I live in an off-campus apartment that, to be honest, is not the nicest place in the world. My roommates and I are pretty laid-back guys, though, so we don’t care too much about the poor condition of the floors or the fact that the sink drips. One thing that is a little weird, though, is the way the air feels in the place–it’s kind of smelly, like the place is wet (which it is in some places, because of the bad plumbing). We see mold around a lot, which one of my roommates cleans (with some success) using a spray bottle of some kind of anti-mold thing. In the winter, when the windows are all closed up, some of us start to worry about the air quality. But I looked up information about molds and stuff, and I don’t think this is a “bad” mold. Should we be worried, or is this typical college apartment stuff?

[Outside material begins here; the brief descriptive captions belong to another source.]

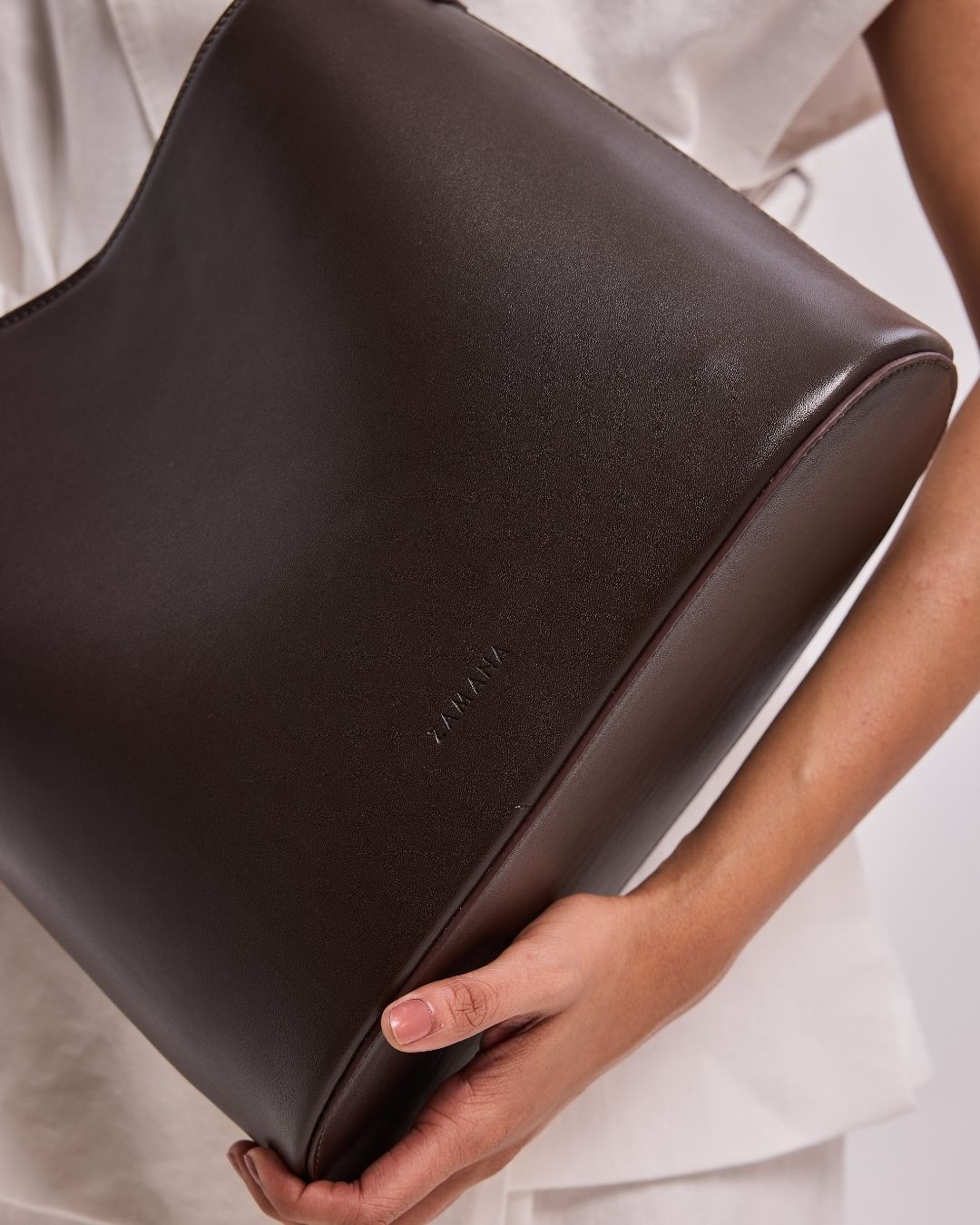 THE DECEMBER dark brown leather shoulder bag, close-up of front panel and logo
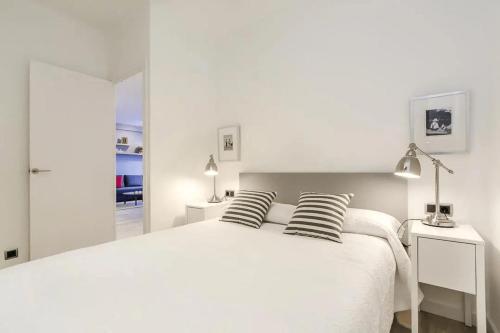 a white bedroom with a large white bed with two pillows at 51SAM1021 - Modern apartment near Montjuic in Barcelona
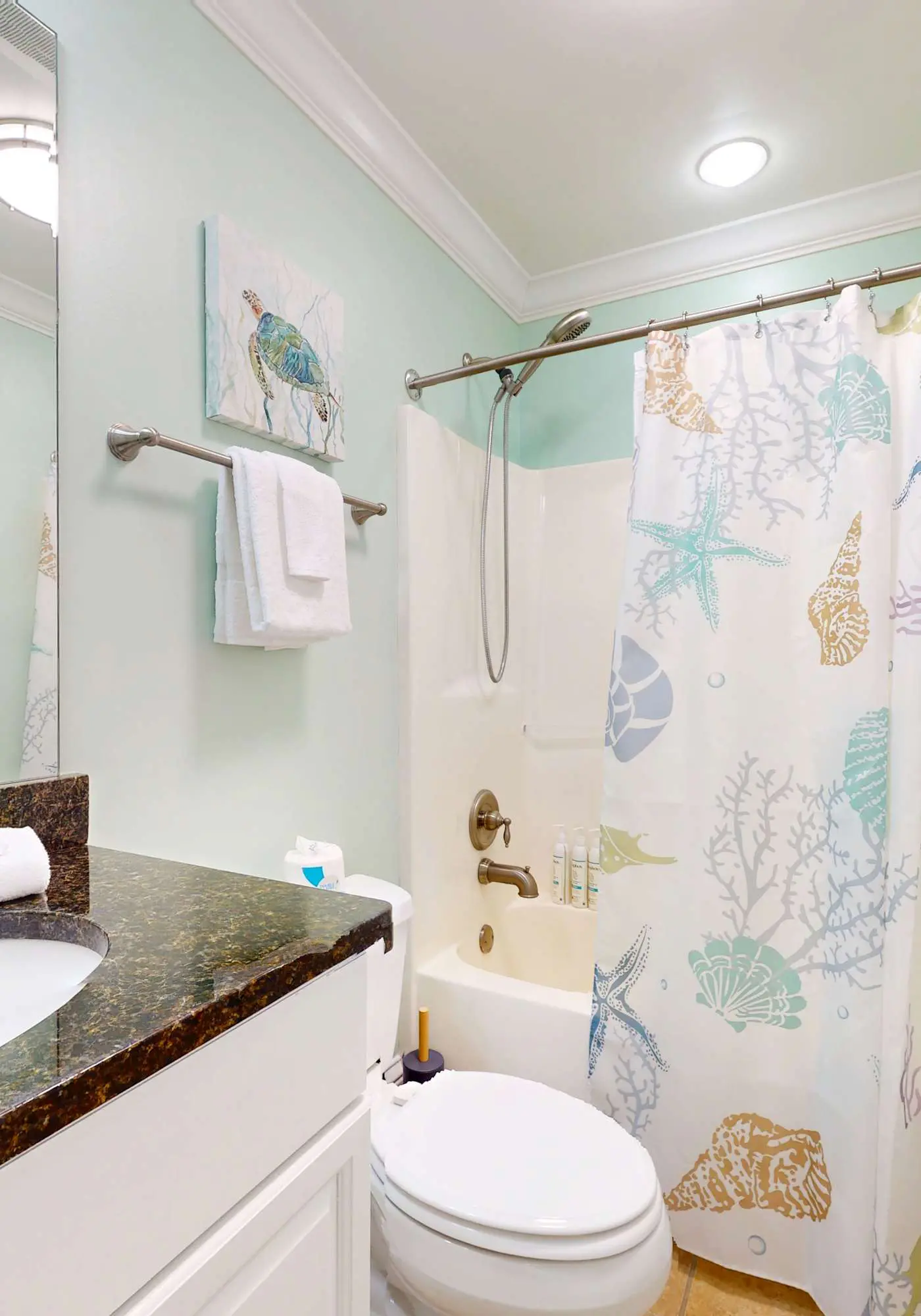 Beachfront condo with pool, private balcony, and laundry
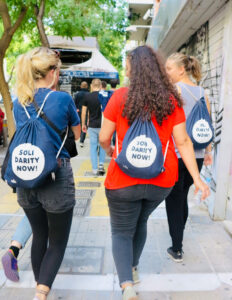 Drei junge Personen gehen eine Stadtstraße entlang und tragen dunkelblaue Turnbeutel mit der Aufschrift 'SOLIDARITY NOW!'. Vor ihnen läuft eine Gruppe weiterer Menschen. Die Umgebung ist urban, mit Graffiti an den Wänden und grünen Bäumen am Straßenrand.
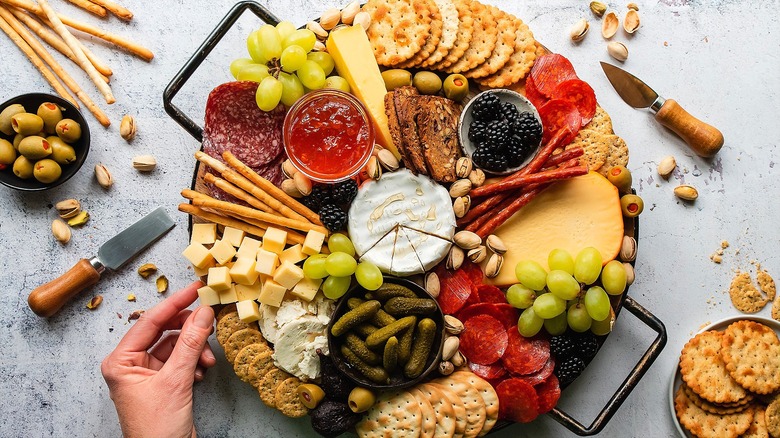 Hand grabbing a cube of cheese off a colorful charcuterie board filled with fruit, crackers, meat, and cheese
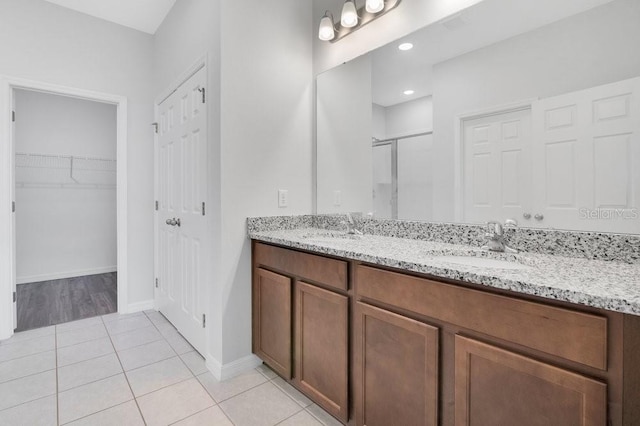 bathroom with tile patterned flooring, vanity, and walk in shower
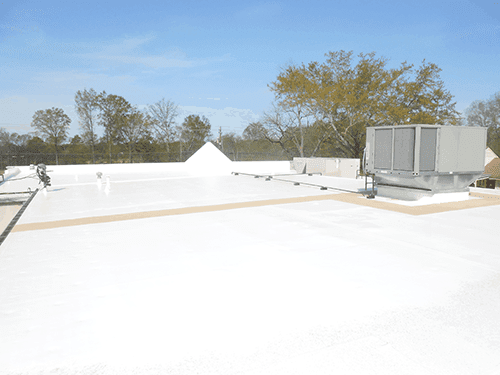Flat white rooftop with HVAC units under a clear blue sky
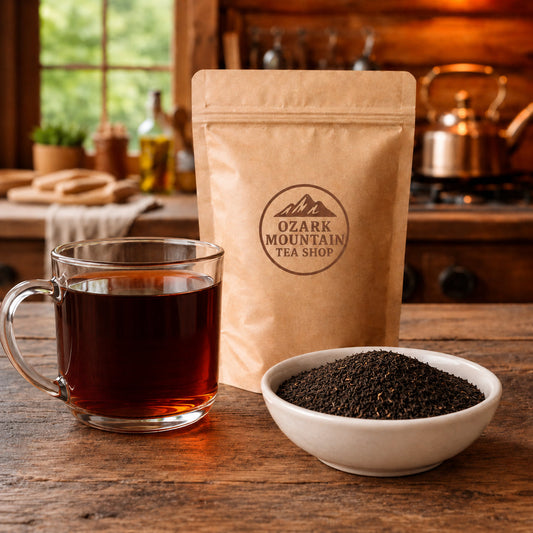 Irish Breakfast brewed tea, loose tea ingredients, and Ozark Mountain Tea Shop brown packaging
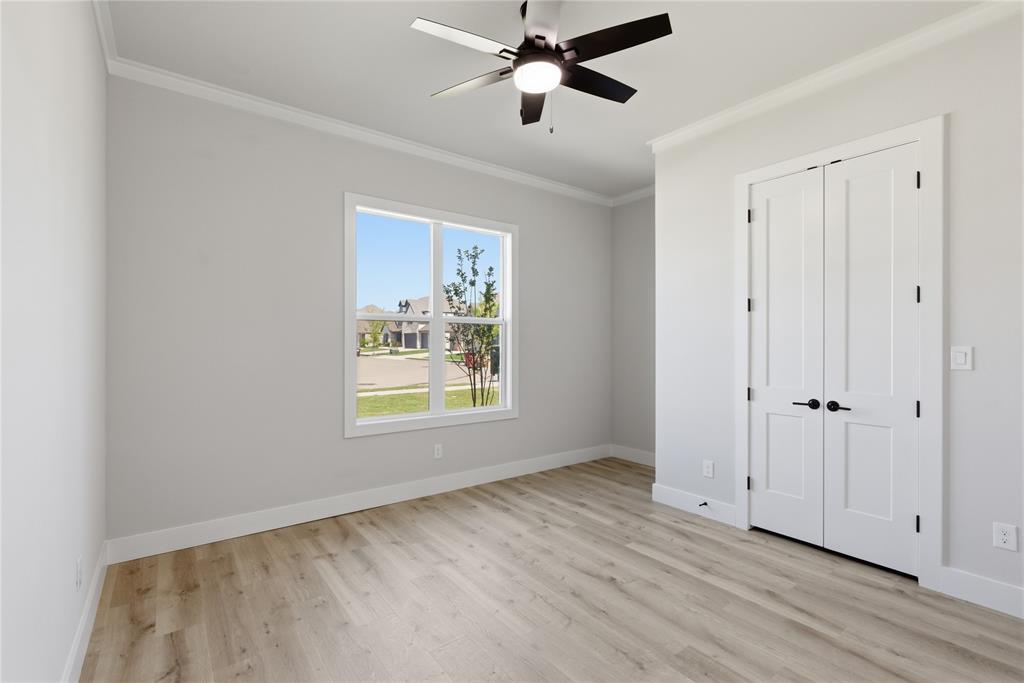713 Anne Road Van Alstyne, TX 75495 - Photo 16 of 29 Bright room featuring wood-finish flooring, a contemporary ceiling fan, and a large window with white trim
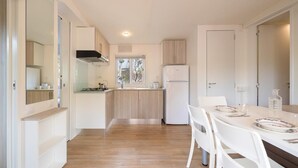 A modern kitchen with white cabinets, a wooden countertop, and a dining area with a white table and chairs.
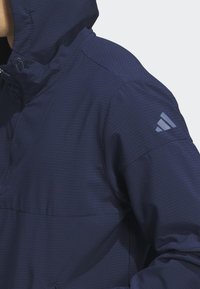 Granatowa bluza z kapturem o strukturalnej fakturze, z frontową kieszenią i odblaskowym logo na lewym rękawie.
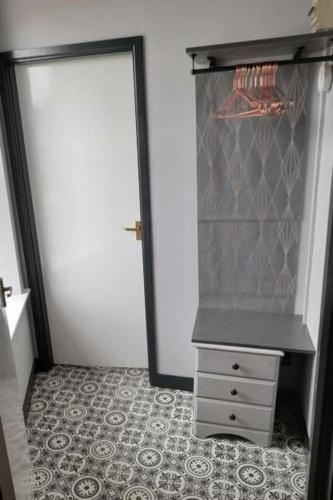 a closet with a door and a dresser in a room at Studio No4, Cockermouth The Lakes in Cockermouth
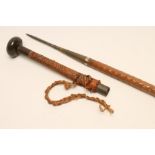 A SPEAR/SWORD STICK, the top section with horn knob and leather grip screwing off to reveal a 3 1/2"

It’s no secret that the air we breathe matters. When it comes to big events like wildfires, the wildfire smoke impact evaluators at Forensic Analytical say, the public and the media are quick to recognize the dangers of breathing in air full of harmful particles. But when it comes to the less obvious issue of indoor air quality, many of us fail to realize the importance of the very air we breathe.
That’s a mistake, say HVAC technicians at Skelton’s Heating, Cooling, and Refrigeration in Birmingham, Alabama. Filtering air is a key part of any HVAC system, and it’s important to keep any living space clear of harmful particles from mold and other sources.
Why? The answer is simple: breathing dirty air is bad for you! To be more specific, air full of unnecessary or harmful particles can cause health issues that include sore throats, headaches, and nausea. Poor air quality can also exacerbate existing health conditions like asthma and heart disease. Prolonged exposure to some contaminants can even cause cancer. And many of these effects can be caused by even the more “harmless” types of mold you think you may be dealing with. Just because your mold isn’t the most dangerous type on the planet doesn’t mean that it’s something you should be breathing in!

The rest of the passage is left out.